I have spent the better part of this week chasing off a chest cold, and on Tuesday all I wanted to do was lie in bed with my man servant bringing me an endless supply of chicken noodle soup. Unfortunately I live in the real world and I’d promised to teach someone how to deadlift. This particular pupil is the self-appointed “King of the Gym”, despite the fact that he has only been hitting the gym for the past year and has yet to perform a single squat or deadlift. The very fact that someone is so self-deluded that they can vocalize this thought is both hilarious and definitive proof that his ego is larger than the ocean.
I didn’t think it was even possible to contain that much self-absorption in my tiny commercial gym. Then again the more time I spend lifting, the more I wonder whether lifting causes an ego pump. Everything I’ve ever read by an internet tough guy suggests that’s the case. And it’s not as though Mr. King of Gym is uncontested. There are guys at my gym who spend the majority of their workout ‘mirin their own ability to flex: pulling up their shorts to show-off their quads, looking in the mirror for every single tricep push-down and curl, flashing the double bicep and side chest poses and then perfecting their duck face. Ladies, you can quit feeling self-conscious in the weight room. Trust me, most of these guys won’t even register your existence.
Maybe that’s a little harsh. King Ego was actually a pretty good student; he obviously knew he was out of his depth when it came to deadlifting, and he listened to the feedback that we were giving him on his form. If he was able to set his ego aside for an hour, then why am I ranting about it on the internet?
Looking back, I think there is a touch of irony in the fact that I resolved to be more confident in 2013. Is my self-confidence really lacking? Even though I can’t work up the moxie to go on a date and even though I doubt my ability to put up numbers until I’ve actually done so, there is a recurring scenario which would suggest that I am in possession of an inflated ego. You see, there are not many dudes in my gym who squat or deadlift. But when someone – a regular or a resolutioner – steps into the rack beside me, I inevitably feel the need to engage in an unspoken battle of one-upsmanship. I need to prove to all of the guys at my gym that I am simply stronger and therefore better than them.
And my dick is longer. That’s certainly not the attitude of someone who lacks confidence. It’s just plain arrogance, so you can just call me “Queen Ego”.
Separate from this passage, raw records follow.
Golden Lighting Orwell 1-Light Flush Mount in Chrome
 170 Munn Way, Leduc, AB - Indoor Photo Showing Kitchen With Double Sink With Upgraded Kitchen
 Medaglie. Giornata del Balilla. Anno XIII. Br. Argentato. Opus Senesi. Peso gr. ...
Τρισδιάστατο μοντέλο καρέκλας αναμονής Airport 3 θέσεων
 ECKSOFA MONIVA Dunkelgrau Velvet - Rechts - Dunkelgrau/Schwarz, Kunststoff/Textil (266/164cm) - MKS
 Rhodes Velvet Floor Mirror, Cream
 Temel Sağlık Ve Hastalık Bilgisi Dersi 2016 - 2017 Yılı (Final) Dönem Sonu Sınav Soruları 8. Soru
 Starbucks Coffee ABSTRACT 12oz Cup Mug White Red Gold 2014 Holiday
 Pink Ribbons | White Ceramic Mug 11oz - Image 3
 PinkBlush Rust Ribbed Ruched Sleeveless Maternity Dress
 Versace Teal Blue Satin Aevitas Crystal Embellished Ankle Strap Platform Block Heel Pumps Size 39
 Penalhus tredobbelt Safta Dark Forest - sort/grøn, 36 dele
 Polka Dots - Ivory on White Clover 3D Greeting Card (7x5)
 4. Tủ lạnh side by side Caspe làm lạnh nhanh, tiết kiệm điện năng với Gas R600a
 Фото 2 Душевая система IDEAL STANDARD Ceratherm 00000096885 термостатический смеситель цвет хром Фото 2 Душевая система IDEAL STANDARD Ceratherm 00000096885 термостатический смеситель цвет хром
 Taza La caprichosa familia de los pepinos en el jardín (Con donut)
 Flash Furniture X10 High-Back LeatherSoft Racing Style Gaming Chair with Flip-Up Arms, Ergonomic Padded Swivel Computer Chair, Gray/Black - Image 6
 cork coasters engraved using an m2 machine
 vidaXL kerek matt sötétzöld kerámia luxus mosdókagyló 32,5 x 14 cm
If all those bodybuilding bros are guilty of being self-absorbed, then so am I. And this verdict is certainly not news to me. I am a very competitive person by nature. Sometimes a competitive spirit is beneficial. When I see girls who are lighter than me putting up bigger numbers, I use their strength as motivation to work a little harder. Part of the reason I workout with a team once a week is because I never feel like I can let myself stagnate or fail when others are watching. Strong people make me want to be stronger, plain and simple.
Yet, on the list of things that will make me stronger, “ego” doesn’t even merit an honourable mention. What do I need?
- Consistent and smart training
- Balanced nutrition
That’s all. And letting my ego dictate my training is neither consistent nor smart. Strong people make me want to be stronger, but why do I feel the need to prove myself to weak resolutioners who will vanish in three weeks time? Why does it matter if 105-lb girl who’s been training twice as long as I have can lift five pounds more? It doesn’t. I need to remember that what matters is that I push myself to do what I know I can do, and then improve on that. What matters is being able to put up big numbers at meets, when it really counts. And it certainly will matter if I try to push myself beyond my limits and injure myself, all for a little ego boost.
And so, I do hereby renounce my title as Queen Ego – and not just because the King is openly gay.